The SEC brought a civil action against petitioners, alleging that they violated the terms of the offering documents by misappropriating millions of dollars. The District Court found for the SEC, granting an injunction barring petitioners from participating in the EB–5 Program and imposing a civil penalty at the highest tier authorized. Id. , at 975, 976. It also ordered disgorgement equal to the full amount petitioners had raised from investors, less the $234,899 that remained in the corporate accounts for the project. Id. , at 975–976.

Petitioners objected that the disgorgement award failed to account for their business expenses. The District Court disagreed, concluding that the sum was a "reasonable approximation of the profits causally connected to [their] violation." Ibid. The court ordered petitioners jointly and severally liable for the full amount that the SEC sought. App. to Pet. for Cert. 62a.
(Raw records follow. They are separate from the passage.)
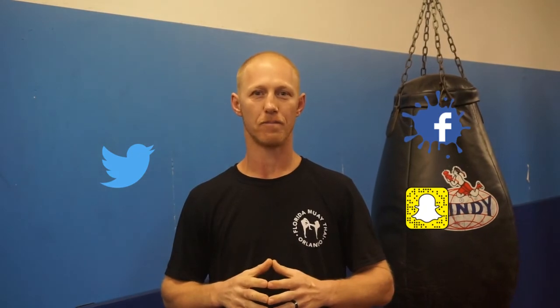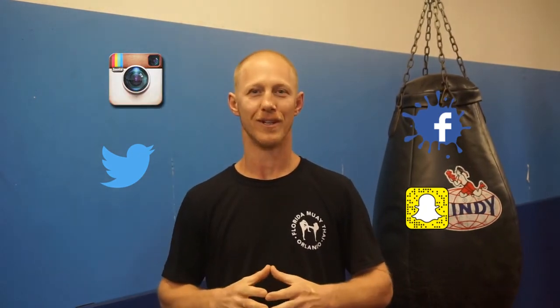Hey guys, if you liked that video please give it a thumbs up. If you have any questions or comments please leave them below. Don't forget you can follow us on any of our social media outlets — Facebook, Twitter, Snapchat, Instagram — just click on the link below. Hope you enjoy!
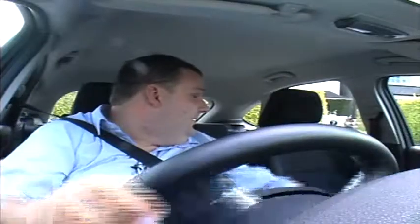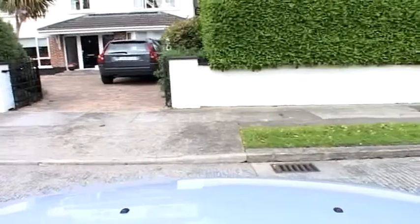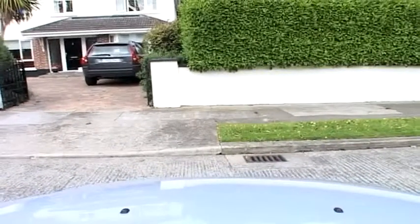Look up and down the road for traffic, through the back window, continue the manoeuvre. Look over your right shoulder when you're halfway across and start straightening, stop just before the curb. Look left and right.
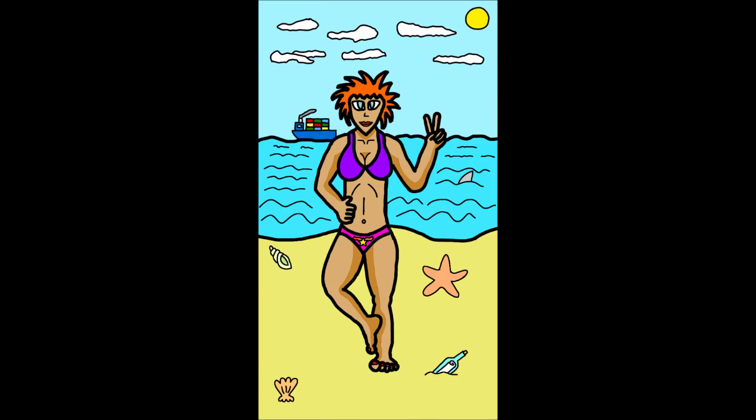Here's a woman posing for a photograph. As you can see, there is a shark and a cargo ship in the background.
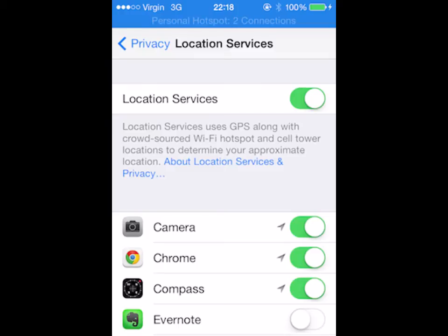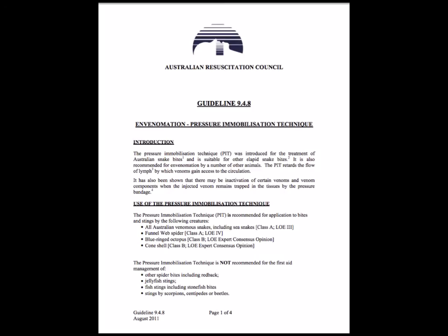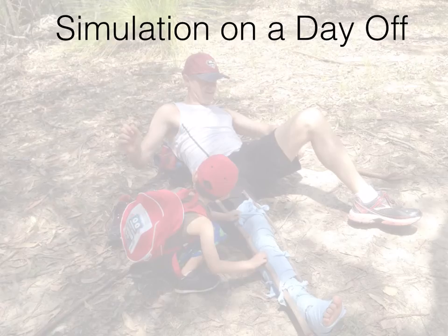That's it for our family scenario today. If you want to learn more about pressure immobilization bandages, their application and indications, then check the Australian Resuscitation Council website. Thanks for listening — hope you enjoyed us sharing our learning points.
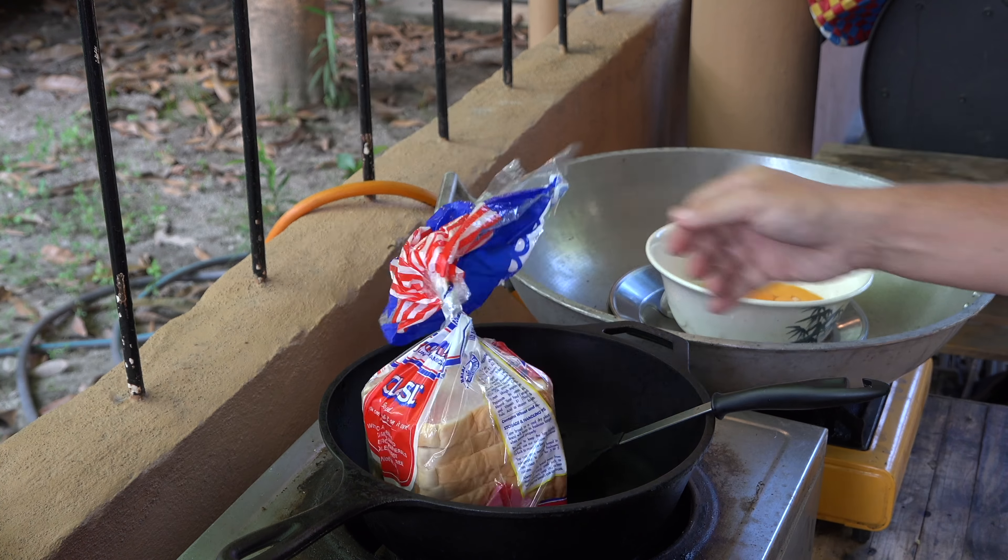Now look, French toast ain't rocket science. So all my bachelors out there, just observe. All you do — put some eggs in a bowl, take your fork like this, and just go ahead and whisk that up. You don't need a whisk, you don't need a blender. Don't believe anything Gordon Ramsay tells you, okay? Just a fork — one fork, made in China, silver in color, one each. And once you whisk that up, you're halfway there. That's it.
The Ninth Circuit affirmed. It acknowledged that Kokesh "expressly refused to reach" the issue whether the District Court had the authority to order disgorgement. 754 Fed.Appx. at 509. The court relied on Circuit precedent to conclude that the "proper amount of disgorgement in a scheme such as this one is the entire amount raised less the money paid back to the investors." Ibid. ; see also SEC v. JT Wallenbrock & Assocs. , 440 F.3d 1109, 1113, 1114 (CA9 2006) (reasoning that it would be "unjust to permit the defendants to offset ... the expenses of running the very business they created to defraud ... investors").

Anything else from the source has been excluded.